Além disso, a planta também é vista como um elemento espiritual de proteção, equilíbrio e purificação em cerimônias. Por volta de 1869, a espécie já era conhecida e amplamente utilizada na Europa e nas Américas por suas propriedades benéficas à saúde e ao bem-estar.
Características da planta
As folhas do boldo-do-chile são coriáceas, variando de cor verde-acinzentado ao verde-escuro, com formato mais alongado e bordas lisas, podendo apresentar uma leve curvatura para dentro
Krzysztof Ziarnek, Kenraiz/Wikimedia Commons
Diferente de outras espécies de boldo, o boldo-do-chile é uma árvore ou arbusto lenhoso, de crescimento mais lento e perene, que pode atingir entre 6 e 15 m de altura. Suas folhas são coriáceas e suculentas, com forte aroma resinoso semelhante ao da cânfora, e possuem um sabor amargo e picante.

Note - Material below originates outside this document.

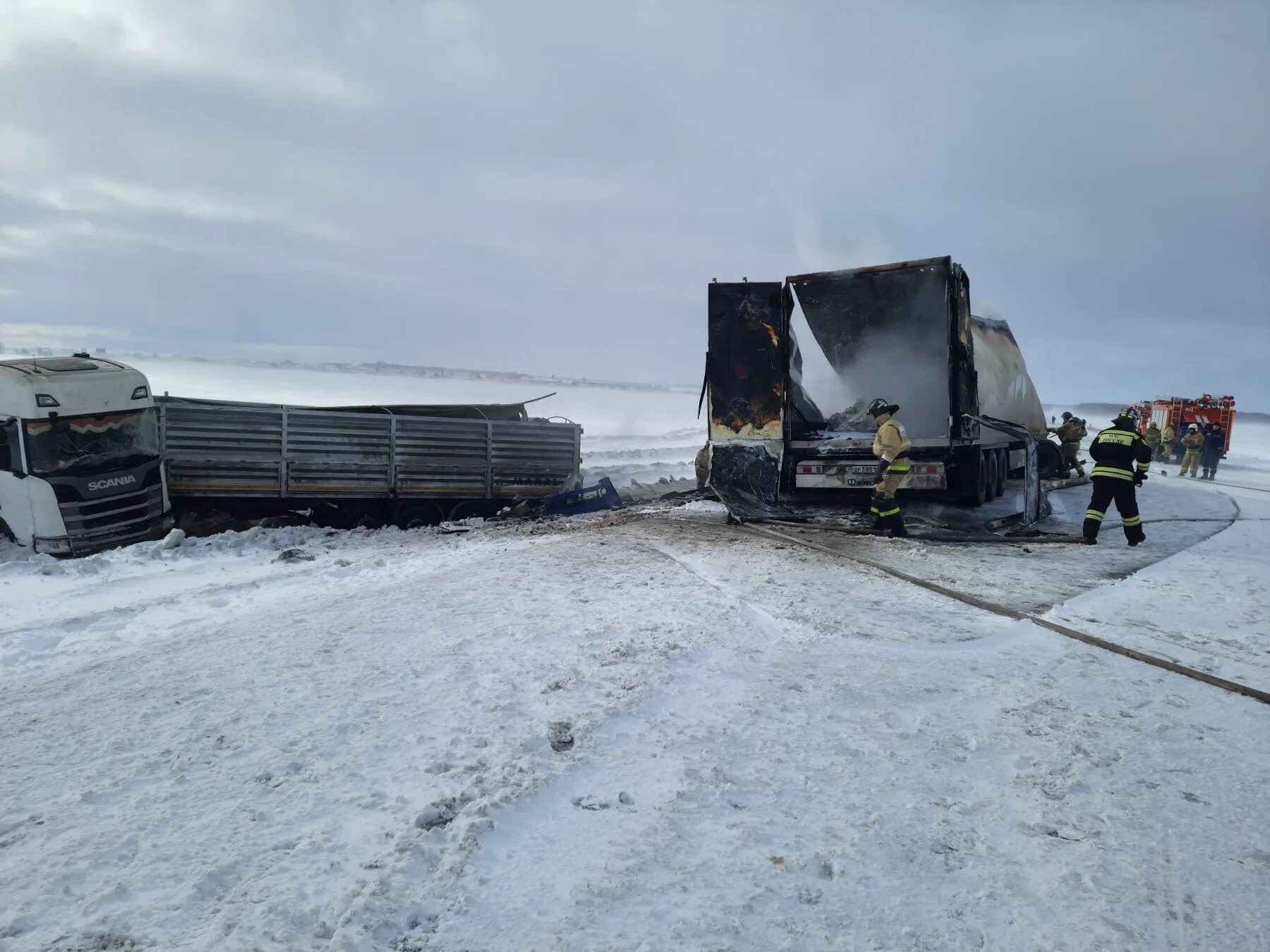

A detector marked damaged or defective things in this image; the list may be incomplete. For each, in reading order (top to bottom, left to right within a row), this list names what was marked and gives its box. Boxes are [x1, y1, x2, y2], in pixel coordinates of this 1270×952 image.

burned truck trailer [155, 398, 584, 527]
burned truck trailer [700, 257, 1044, 519]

“Tem folhas opostas, coriáceas (textura de couro), elípticas, de 3 a 7 cm, verde-acinzentadas com pontos translúcidos de glândulas de óleo essencial. Suas flores são pequenas, branco-amareladas, reunidas em inflorescências; e os frutos são drupáceos roxo-escuros quando maduros”, descreve Fernanda Cangerana, bióloga e coordenadora do Curso Superior de Tecnologia em Paisagismo e Jardinagem da FATEC, em São Paulo.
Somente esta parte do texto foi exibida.